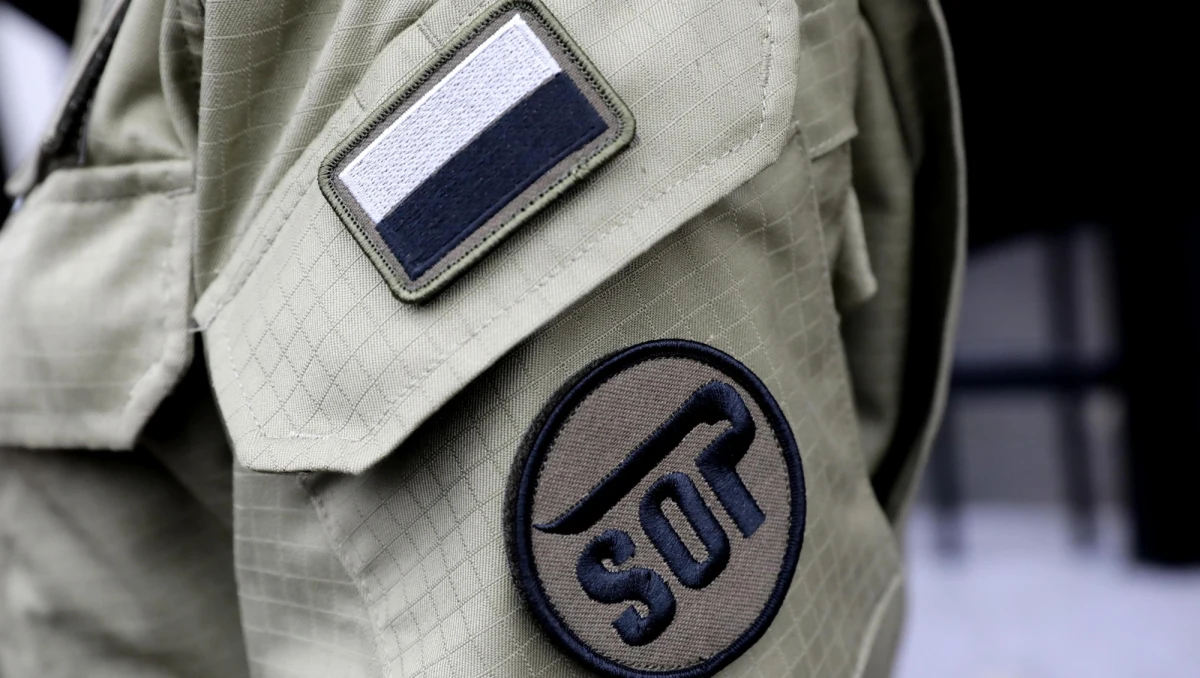 Funkcjonariusz SOP jest sprawcą wczorajszej kolizji samochodu z kolumny ochraniającej prezydenta z cywilnym samochodem - dowiedział się reporter RMF FM. 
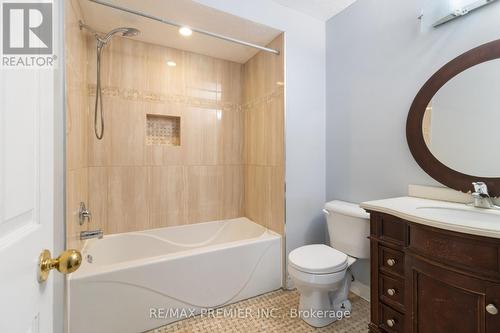 7872 Martin Grove Road, Vaughan, ON - Indoor Photo Showing Bathroom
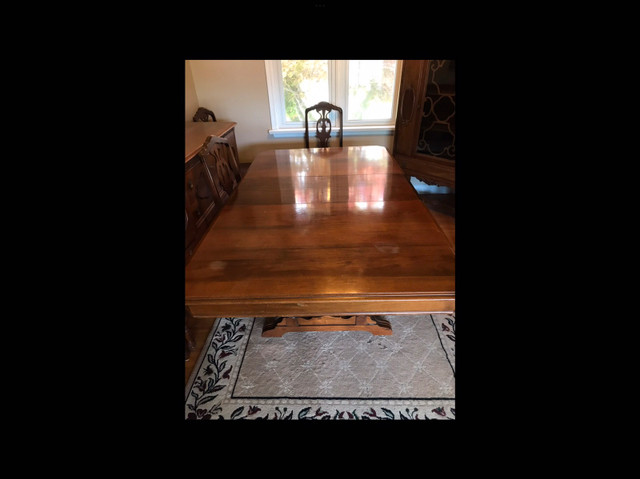 Antique dining room table,chairs,cabinet in Dining Tables & Sets in Woodstock - Image 4
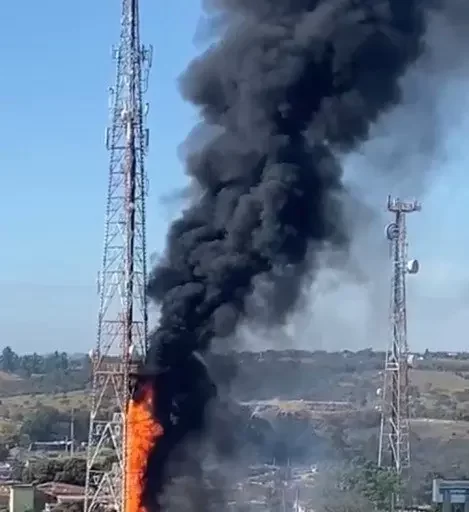 Prefeitura de Bom Despacho notifica operadoras após incêndio em torre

——————————

Problem to solve: Retype, word for word, the line containing "Antique dining room" and each line after it through the end of the data, leaving any picture out.

Solution for this problem:
 Antique dining room table,chairs,cabinet in Dining Tables & Sets in Woodstock - Image 4
 Prefeitura de Bom Despacho notifica operadoras após incêndio em torre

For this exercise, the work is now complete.